せっかくなら、結婚して、大人びた姿になったと言われたい。
だけど、あまりに上等過ぎる着物では、ただのお使いには重すぎる……。
先週仕立てあがった、近頃流行りの、大きな柄行が印象的な銘仙(※大正中期以降に流行った着物)と、ハイカラな模様の帯を締め、錦紗縮緬で織られた濃紺地に、冬の白木を描いた長羽織を着る。

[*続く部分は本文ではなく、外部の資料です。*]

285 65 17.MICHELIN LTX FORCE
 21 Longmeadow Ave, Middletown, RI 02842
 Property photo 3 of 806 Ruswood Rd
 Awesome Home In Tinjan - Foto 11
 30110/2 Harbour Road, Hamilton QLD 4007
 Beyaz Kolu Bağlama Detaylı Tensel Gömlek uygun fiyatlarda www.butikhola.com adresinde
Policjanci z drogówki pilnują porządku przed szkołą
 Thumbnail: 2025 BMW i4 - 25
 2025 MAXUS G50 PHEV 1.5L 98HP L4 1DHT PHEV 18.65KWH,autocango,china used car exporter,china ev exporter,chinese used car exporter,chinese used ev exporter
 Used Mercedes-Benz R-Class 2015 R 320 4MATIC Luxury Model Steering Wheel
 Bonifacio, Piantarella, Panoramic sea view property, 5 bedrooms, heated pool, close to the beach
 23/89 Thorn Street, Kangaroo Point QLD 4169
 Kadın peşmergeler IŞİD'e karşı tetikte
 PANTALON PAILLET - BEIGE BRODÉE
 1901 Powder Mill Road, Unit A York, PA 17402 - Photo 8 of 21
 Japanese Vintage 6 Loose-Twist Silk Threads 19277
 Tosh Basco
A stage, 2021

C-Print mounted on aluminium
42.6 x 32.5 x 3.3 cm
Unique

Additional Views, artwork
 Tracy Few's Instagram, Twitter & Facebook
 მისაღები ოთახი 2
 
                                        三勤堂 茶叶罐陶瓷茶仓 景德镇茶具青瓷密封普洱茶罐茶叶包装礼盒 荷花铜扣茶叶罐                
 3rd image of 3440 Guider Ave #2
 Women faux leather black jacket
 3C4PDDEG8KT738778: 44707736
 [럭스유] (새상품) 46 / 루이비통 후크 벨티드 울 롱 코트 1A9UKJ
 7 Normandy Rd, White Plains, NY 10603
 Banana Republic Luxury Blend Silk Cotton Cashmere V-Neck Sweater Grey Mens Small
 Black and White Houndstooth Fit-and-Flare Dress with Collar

うん、これなら、格式張っていないし、充分『若奥様』に見えるわ。
女中にも手伝ってもらって、電気ゴテ(※ヘアアイロン)を使って、雑誌に載っていた、最新の髪型である耳隠しに結い上げた。
お化粧も、いつもより丁寧に。
「若奥様、とってもおきれいです」
「そう? ありがとう」
女中の言葉に、鏡の中の私は、まんざらでもなさそうに微笑んだ。
「では、行って参ります」
お義母様に言った通り、私は女中も連れずに、一人で風呂敷包を抱えて懐かしい学び舎へと足を運ぶ。
でも、こんなにおしゃれして行ったのに、帰りは濡れネズミのようになって帰ってくる羽目になる。
もちろん、この後に起こることなんて、この時は全く想像もせず。
『若奥様』と言うには、元気すぎる私は、鼻歌交じりに、飛び跳ねるように女学校へ向かった。